Japanese Novelist and Miyamoto Yuriko: Communist, Feminist, and Torture

Japanese Novelist and Miyamoto Yuriko: Communist, Feminist, and Torture

Lee Jay Walker

Modern Tokyo Times

The Japanese novelist and short-story writer Miyamoto Yuriko (1899–1951) could easily have slipped into the soft, conformist tapestry of her era. Instead, born into privilege yet unwilling to be sheltered by it, she chose the sharper path: to remain faithful to her own political and social convictions, no matter the cost.

That cost was brutally exacted during the storm of rising nationalism and militarism in the early Shōwa Period. In 1942, under harsh interrogation and torture, Miyamoto suffered a devastating heatstroke—an affliction that shadowed her health for the remainder of her life until her passing in 1951. Yet she refused to yield. Her steadfastness was not born of obstinacy alone, but of unyielding commitment to her communist ideals, which she regarded as inseparable from the struggle for human dignity.

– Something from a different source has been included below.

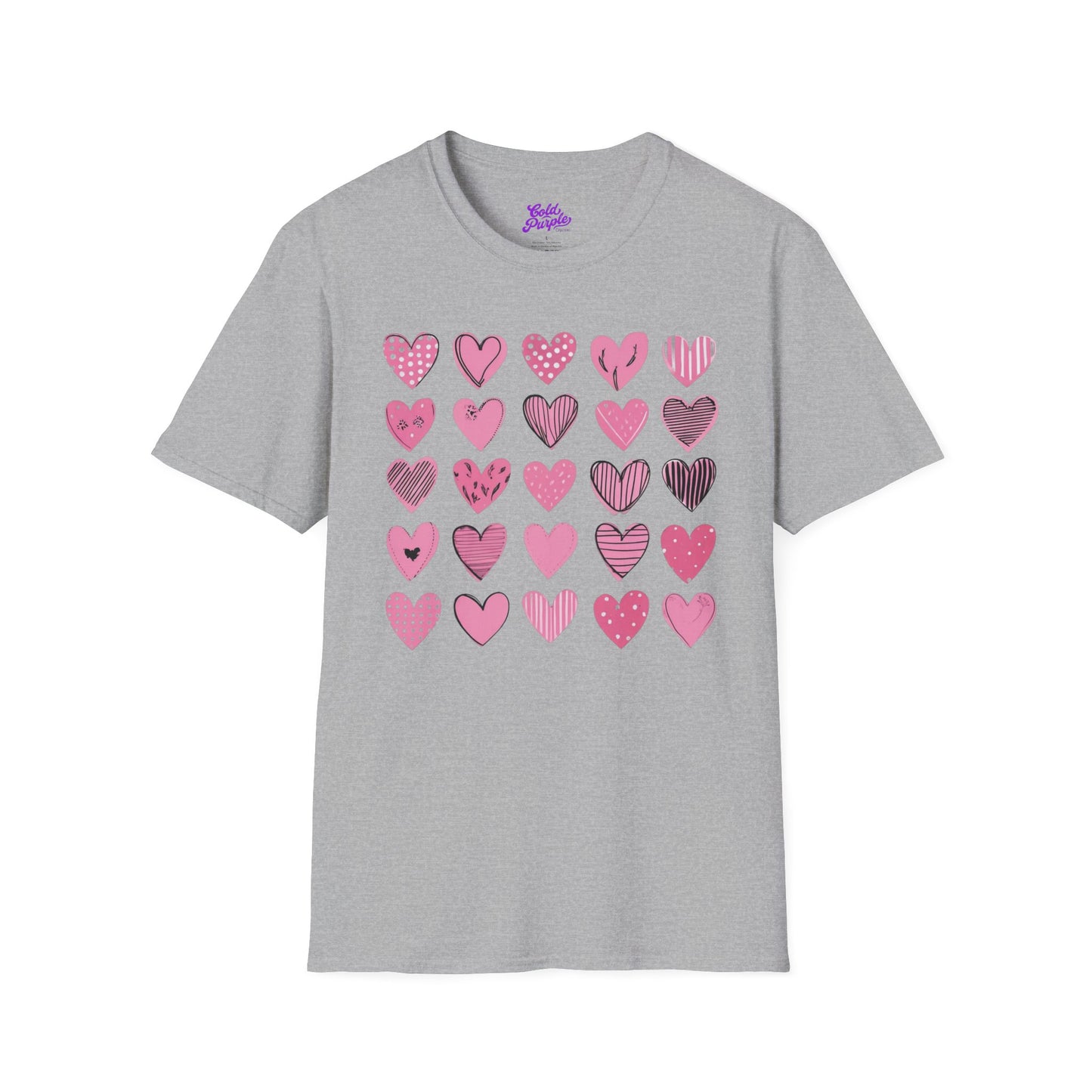 Hearts - Unisex Softstyle T-Shirt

Her sense of justice emerged early, during her studies at Ochanomizu Girls’ Middle School in Tokyo, where she first witnessed the stark inequalities woven into daily life. Economic injustice drew her toward socialism, a current that runs visibly through works such as Noson (“Farming Village”) and Mazushiki Hitobito no Mure (“A Crowd of Poor People”). Over time, feminism, too, became an essential pillar of her worldview. For Miyamoto, the liberation of women and the liberation of the oppressed were not separate threads—they were part of the same tapestry she sought to re-weave through both her literature and her life.

Miyamoto was already a voracious reader in her teenage years, devouring books as though each page were a doorway into a larger, more troubling world. The voices that shaped her youth were formidable: Chekhov’s quiet melancholy, Dostoyevsky’s tormented introspection, Gorky’s revolutionary fervor, Nietzsche’s challenging provocations, Poe’s shadows, Rolland’s humanism, Tolstoy and Turgenev’s moral landscapes, and Shakespeare’s vast, unshakeable humanity. Alongside these giants, she immersed herself in the rising brilliance of Meiji and early Taishō writers, absorbing their attempts to reconcile modernity, identity, and social change.

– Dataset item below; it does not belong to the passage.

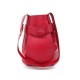 SAC A MAIN LOUIS VUITTON SEAU D'EPAULE EN CUIR EPI ROUGE CROSSBODY BAG RED 1500€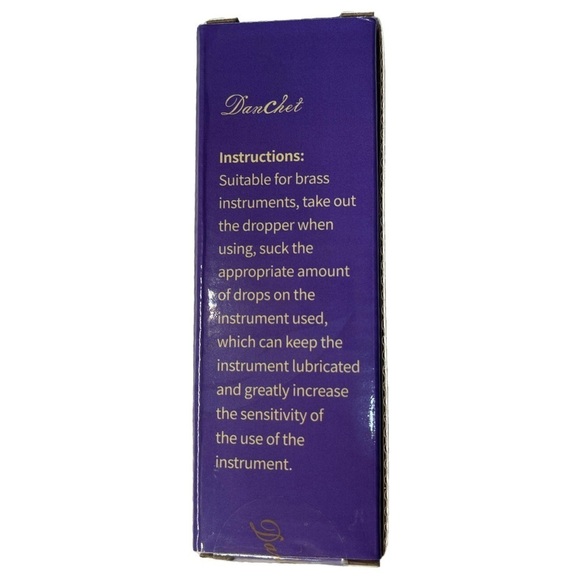 Danchet Synthetic piston valve oil for brass instruments NEW IN BOX - Picture 7 of 7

Her years in the Soviet Union (1927–1930) left an indelible mark. It is fashionable to say she never truly saw “the real” Soviet Union—but then, who ever fully sees a nation? Even today, countless visitors to America never grasp the enormity of its own hardships: the silent toll of overdose deaths, sprawling homelessness, and other deep-rooted social crises. In the same way, Miyamoto’s Soviet experience was shaped by what stood before her eyes in that moment of history. To her, the collectivization schemes, the ambitions of planned development, and the prominent role of women likely appeared vivid, modern, and full of promise—especially when contrasted with a world in which slavery remained legal in Mecca into the 1960s, European empires still fed on distant lands, and the Great Depression was plunging millions into despair.

From 1932 to 1942, Miyamoto lived under the constant shadow of surveillance and repression. Arrest followed arrest; imprisonment became a recurring punctuation mark in her life. In total, she spent roughly two years in prison, sharing hardship with countless other Japanese communists who refused to abandon their convictions.

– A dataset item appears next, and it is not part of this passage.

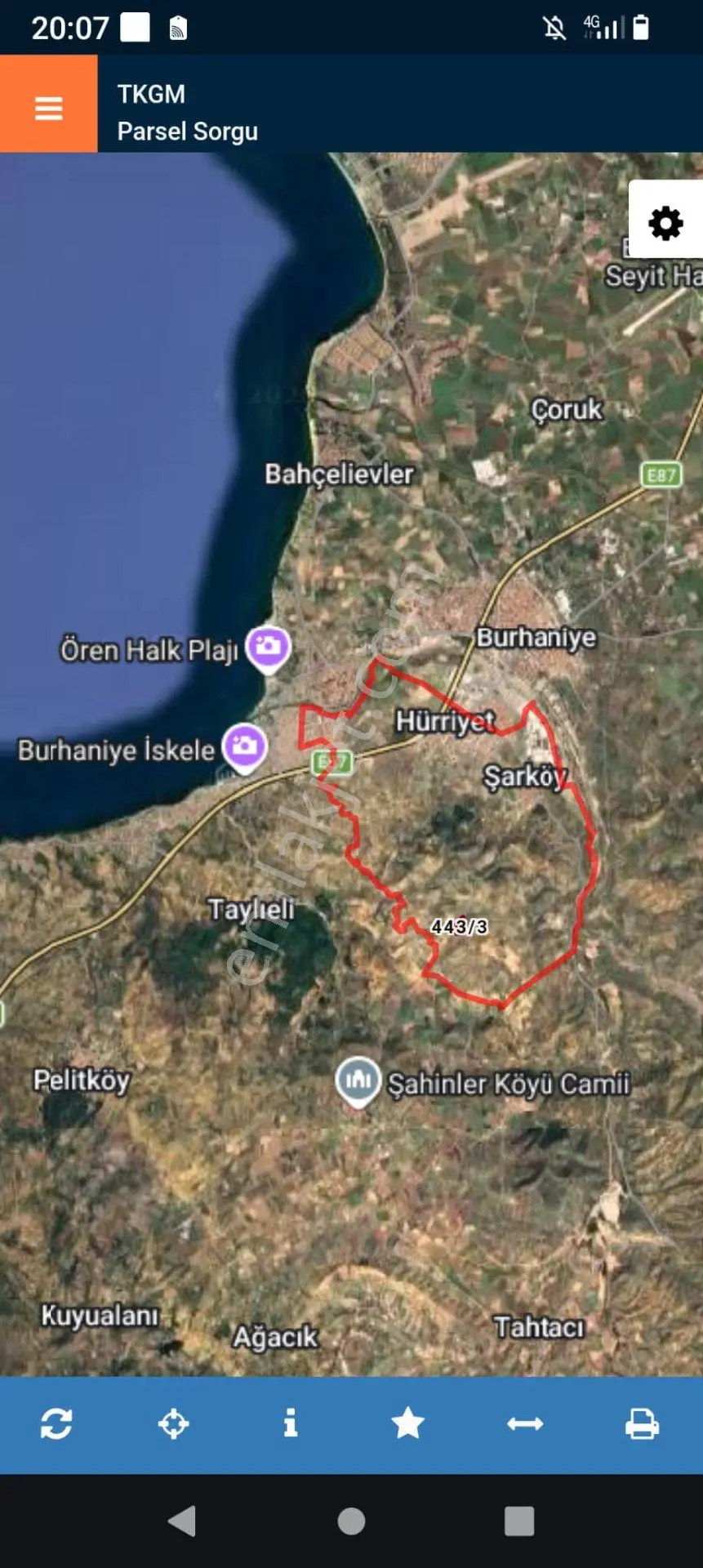 Balıkesir Burhaniye Şarköy Karaköy'de Yolu Olan 6.900m² Satılık Yarı Hisseli Zeytinlik — fotoğraf 5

Yet despite every interrogation, every cell, every attempt to break her spirit, Miyamoto carried her ideals with her until the end. Her loyalty to communism was not casual—it was the compass by which she steered her life, even when the journey cost her dearly.

In the fragile years before her death in 1951—still burdened by the lingering damage inflicted during her brutal interrogation in 1942—Miyamoto wrote with striking constancy, as though literature itself were the breath that kept her going. Despite her failing health, new works continued to emerge from her pen: Banshū Heiya (“The Banshū Plain,” 1947), Fūchisō (“The Weathervane Plant,” 1947), Futatsu no Niwa (“The Two Gardens,” 1948), and Dohyō (“Landmark,” 1950).

These late novels read almost like acts of defiance—quiet but unwavering. To her final days, Miyamoto refused to yield either to the rising tide of anti-communism in postwar Japan or to the relentless decline of her own body. Writing became her last stand, her final gesture of loyalty to the ideals she had carried through every hardship. In this way, she left the world exactly as she had lived within it: unbowed, unbroken, and profoundly committed to the dignity of the oppressed.